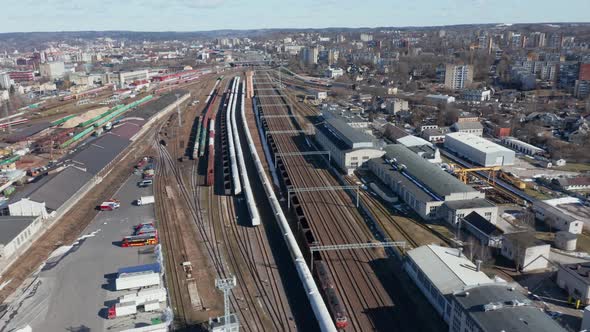 AERIAL: Panorama of Train Railroad in Vilnius with Tracks and Buildings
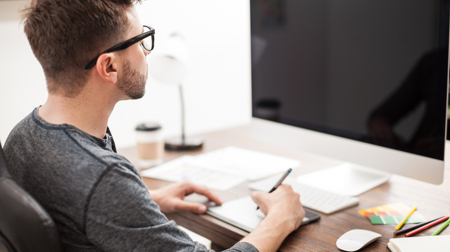 Man sat at a desk, looking at PC monitor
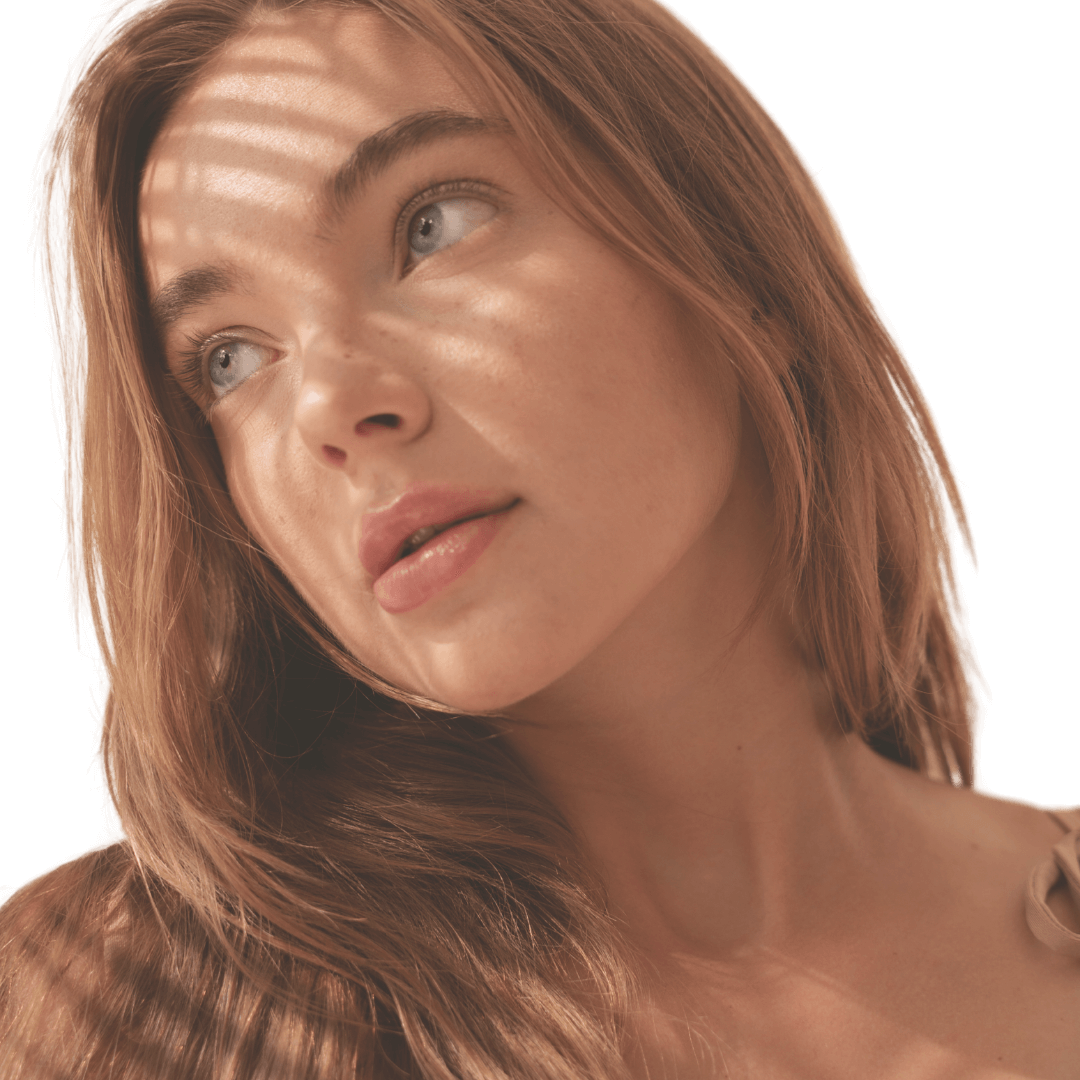 Portrait of a woman in warm sunlight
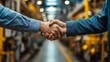 © Majed - A factory worker and a CEO shaking hands, symbolizing growth through teamwork.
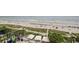 Breathtaking beach front with ocean access, green vegetation and sun umbrellas at 1105 S Ocean Blvd. # 630, Myrtle Beach, SC 29577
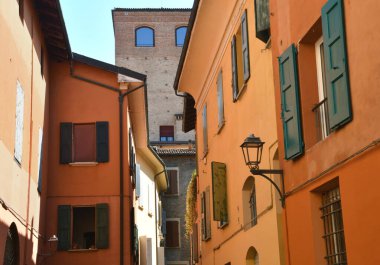 Bologna is full of picturesque, brightly colored buildings, especially red ones. In fact, Bologna is the red city in whose streets full of arcades one walks pleasantly. clipart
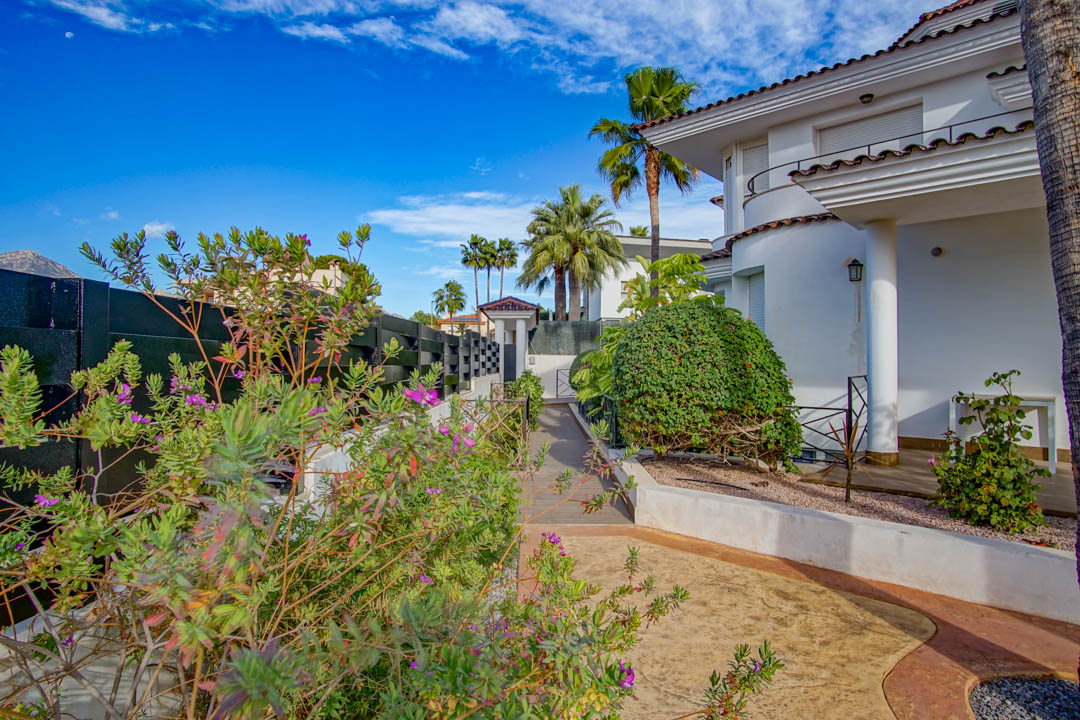 Façade blanche de style colonial avec colonnes et porche, nichée dans un jardin arboré avec palmiers, arbustes à fleurs et allées pavées par temps clair.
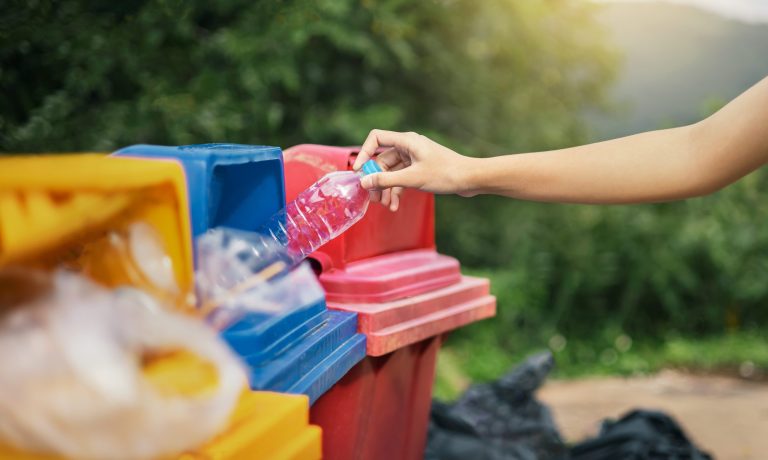 hand holding bottle plastic garbage into trash in park
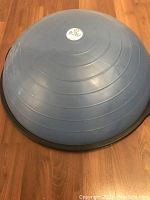 Angled view of the blue Bosu ball balance trainer showing the side profile including the black plastic base and blue inflatable dome.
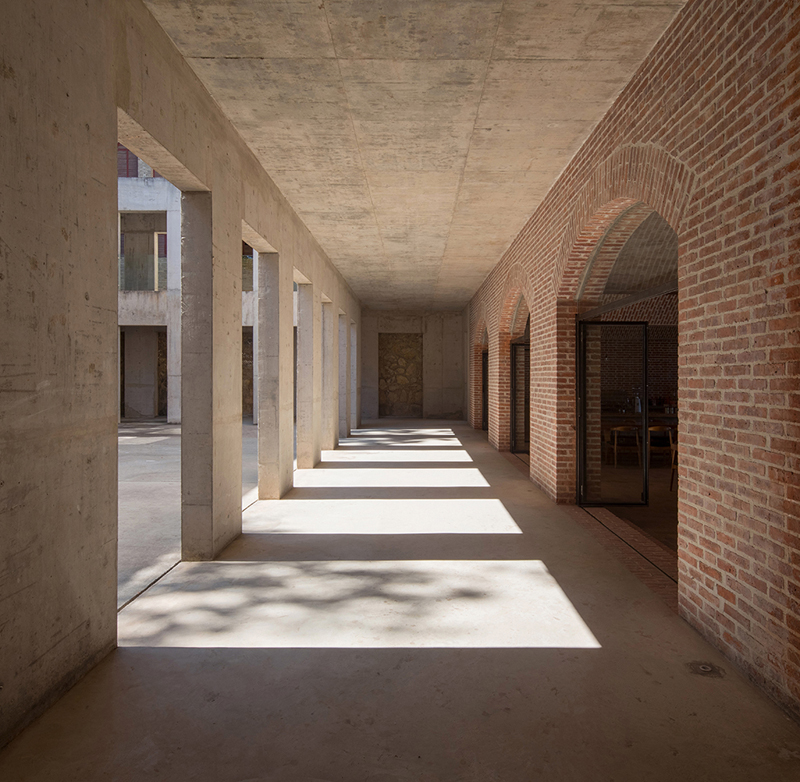 Briques, cours, arbres luxuriants. Rénovation d'un bâtiment datant des années 80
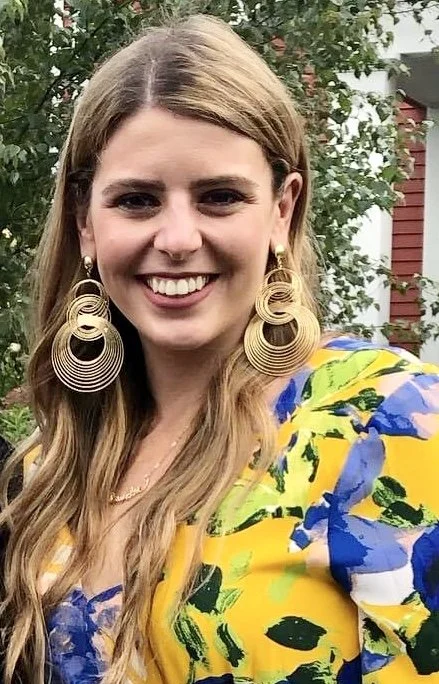 A young woman with long blonde hair wearing large gold hoop earrings and a colorful floral dress, smiling outdoors with trees and a house in the background.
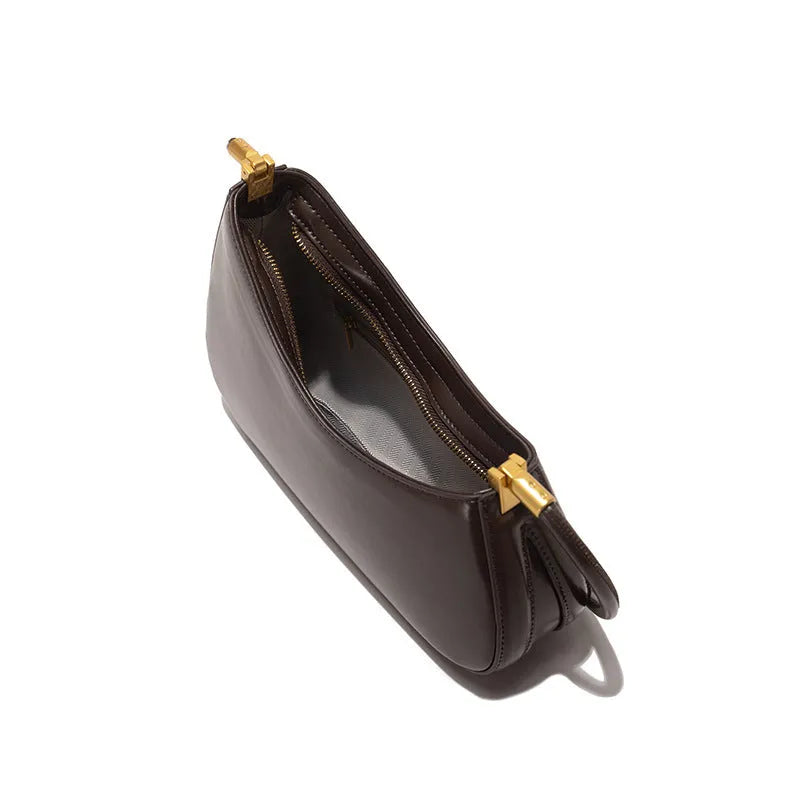 Retro oval women's underarm bag in PU leather with single shoulder strap shown in multiple colour options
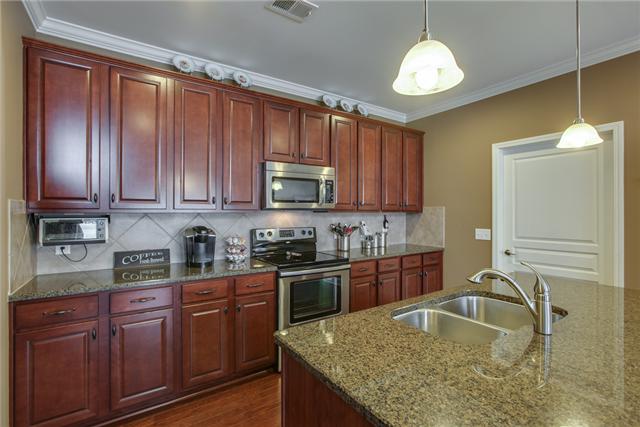 369 Truman Road West Franklin, TN 37064 - Photo 6 of 20 THESE BEAUTIFUL CONTERTOPS ARE ALSO IN THE OVERSIZED BUTLER'S PANTRY...THE LAUNDRY IS LOCATED JUST BEHIND THE DOOR AND IS RIGHT OFF THE GARAGE FOR EASY GROCERY LOAD IN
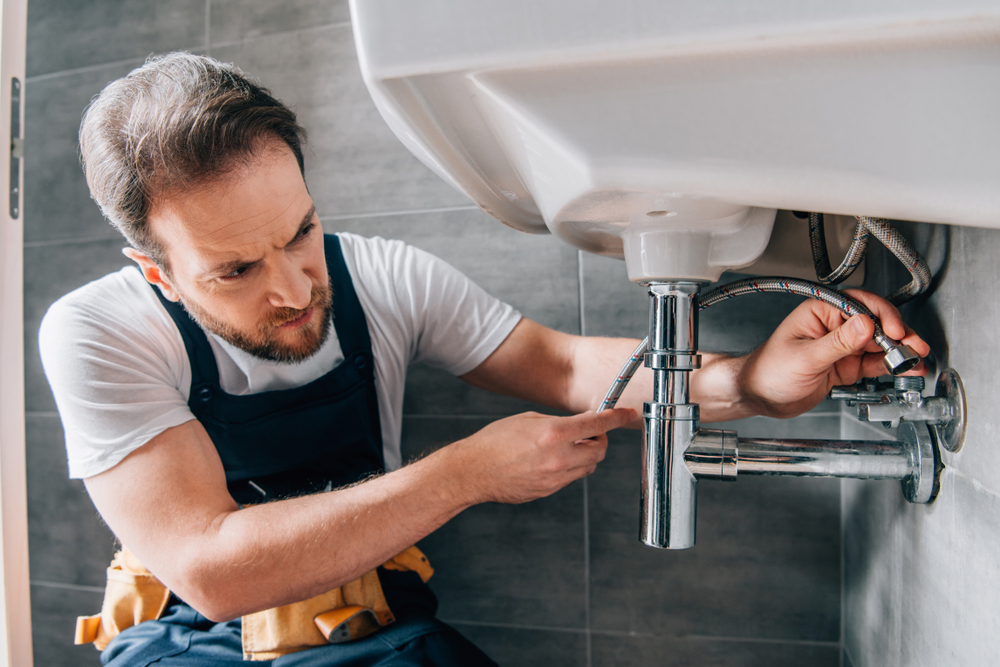 Plumber repairing pipework under a basin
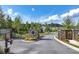 Community entrance with stone pillars, landscaping, and well-maintained roadways at 7 Hickory Branch, Hiram, GA 30141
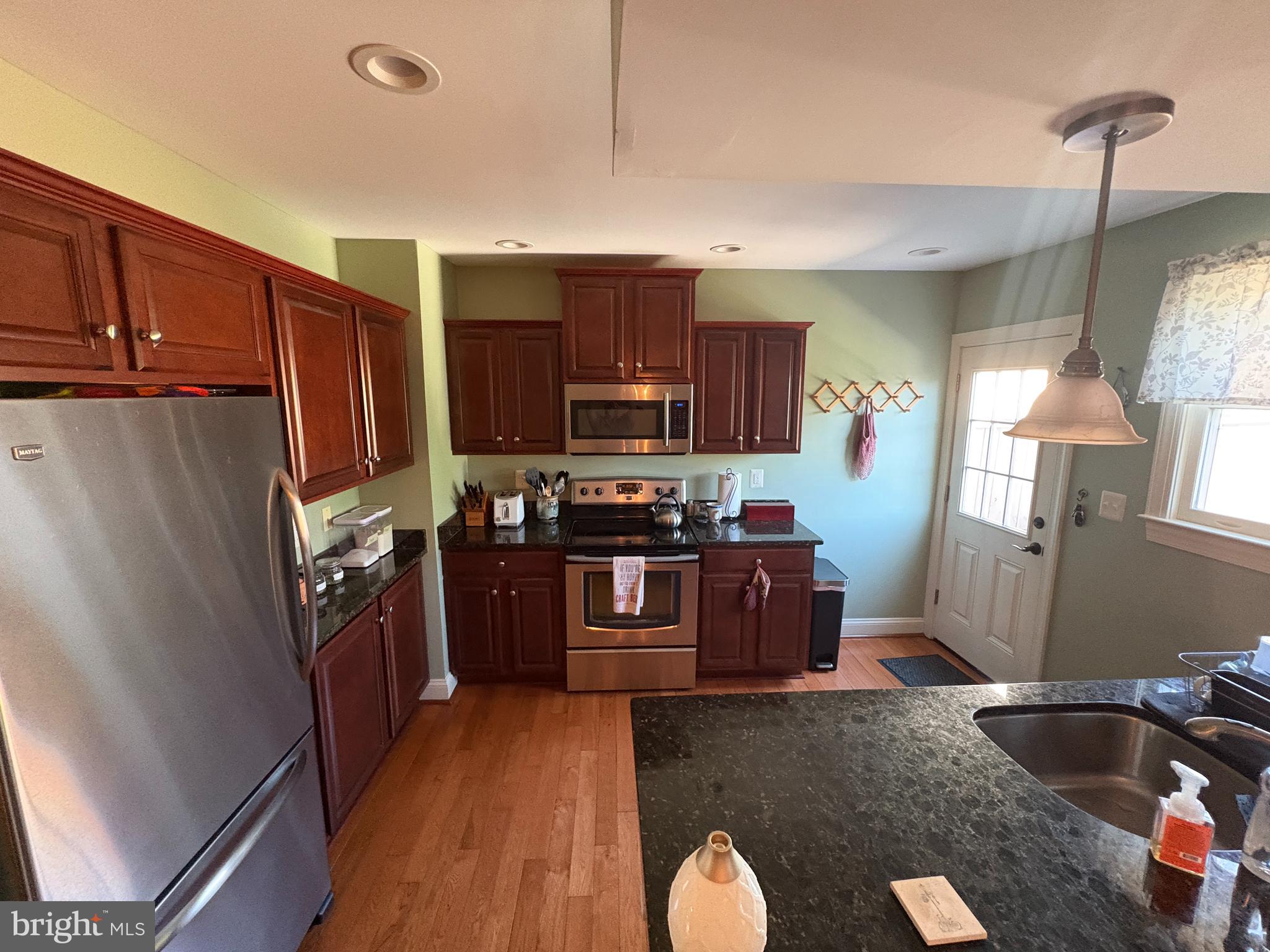 225 East 5th Street Frederick, MD 21701 - Photo 3 of 20 a kitchen with stainless steel appliances granite countertop a refrigerator stove top oven a sink and dishwasher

- Activity -
Leaving the pictures out, copy exactly the lines from the line that contains "369 Truman Road" to the last line of the data, both ends included.

- Response area -
 369 Truman Road West Franklin, TN 37064 - Photo 6 of 20 THESE BEAUTIFUL CONTERTOPS ARE ALSO IN THE OVERSIZED BUTLER'S PANTRY...THE LAUNDRY IS LOCATED JUST BEHIND THE DOOR AND IS RIGHT OFF THE GARAGE FOR EASY GROCERY LOAD IN
 Plumber repairing pipework under a basin
 Community entrance with stone pillars, landscaping, and well-maintained roadways at 7 Hickory Branch, Hiram, GA 30141
 225 East 5th Street Frederick, MD 21701 - Photo 3 of 20 a kitchen with stainless steel appliances granite countertop a refrigerator stove top oven a sink and dishwasher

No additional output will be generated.